Practically speaking, that means mdm goes fast because it spends most of its time working totally offline. It also means mdm is immune to accidentally getting cat memes in your build :)

Now in bullet points:

  • Strongly versioned and guaranteed repeatable builds!
  • No repository bloat or gigantic vendor commits!
  • Dependency fetching is automatically optimized to ship the smallest download possible!

full manual

Jump to docs, with chapters covering:

  1. Getting Started
  2. Syncing Dependencies
  3. Making Releases
  4. Advanced Topics & Theory
  5. Errata & Compatibility

TL;DR How It Works

Your project is a git repo.

Each of your dependencies lives in a little git repo, all by itself.

Your project tracks a link to each of these little git repos. It remembers the hash of their contents, and it remembers where to clone them from if they aren't here yet.

Wanna see it?

Clone this project repo. Run ant. Observe :)

Hosting mdm Releases

Any git host can be an mdm host. Github, Stash, gitolite, gitosis, git-daemon, Gitblit, Gitbucket, even a flat static http server.

Anything.

Mirroring an mdm Release Repository

Try git clone --mirror http://mdm-releases.com/junit/junit-releases.git :)

The mdm Central Repository

A central repository of software packaged as mdm releases, ready for your consumption:

http://mdm-releases.com/

(natch, this is not quite as expansive as some other central package repository sites yet :) working on it!)

What do I need this "security" stuff for, anyway? I use HTTPS.
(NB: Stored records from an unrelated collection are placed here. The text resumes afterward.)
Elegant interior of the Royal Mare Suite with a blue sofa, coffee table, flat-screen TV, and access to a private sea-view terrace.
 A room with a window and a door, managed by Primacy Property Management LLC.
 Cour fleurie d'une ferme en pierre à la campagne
SSL can mitigate the thread of direct MITM attacks, but it's not a full solution either, for either security or more mundane repeatability guarantees.

SSL is transport layer security -- you still fully trust the remote server not to give you cat memes. (Or, put less nefariously, you still fully trust the remote server to never let anyone publish a "quick fixup re-release" that might quietly break your production deploys.)

Embedding the hash of the dependencies we need in our projects directly gives us end-to-end confidence that we've got the right stuff.

Say, doesn't this sound like git submod--

Shh! Yes.

These git repos that track each of your dependencies in isolation are really just git submodules in fancy clothes. mdm adds some tricks that makes it scalable with binaries, and, well, the fancy clothes.

We get all of the benefits of working with git (rapid verification, git status helpfully reports changes (!), familiar semantics for distributed mirrors, tons of transports and authorization systems supported out of the box, caching different versions of a dependency can compress and dedup, and on and on). All of the messy parts of managing these submodules is handled for you by mdm commands.

The mdm commands translate your high-level intentions (that is, "depend on junit, version 4.10!")...

...Into the mechanics ("remember to fetch tag 'release/4.10' from 'http://mdm-releases.com/junit-releases.git', and it should have hash 6e4860d64a2912c7e10639c87f48a93e1748f797").

(If you're wonderring what mdm is doing that leverages git while handling binaries scalably, you can check out the documentation on Anatomy of a Releases Repo History.)

Language and Build-Tool Agnostic

Everything about mdm is build-tool agnostic! You can use ant, maven, makefiles, rakefiles, hoefiles, whatever you want; the dependency storage planning will work the same for any kind of artifact files.

mdm command reference

"mdm" will guide you, automagically performing any of the steps in the lifecycle of releasing, creating dependency links and managing versions of dependencies, and syncing down dependencies into a new project clone.

Each major task is a subcommand of mdm. You can see all subcommands of mdm by running mdm -h. You can add a -h to any of these commands and get specific help and a full list of all available options, including descriptions of behaviors and default values -- so for example, mdm add -h will list all possible options of the add subcommand in detail.

This is the total set of available tasks:

  • mdm update
  • mdm status
  • mdm add
  • mdm alter
  • mdm remove
  • mdm release
  • mdm release-init

Usage: Syncing all Dependencies:

mdm update asks mdm to pull the correct versions of all dependencies into the current project.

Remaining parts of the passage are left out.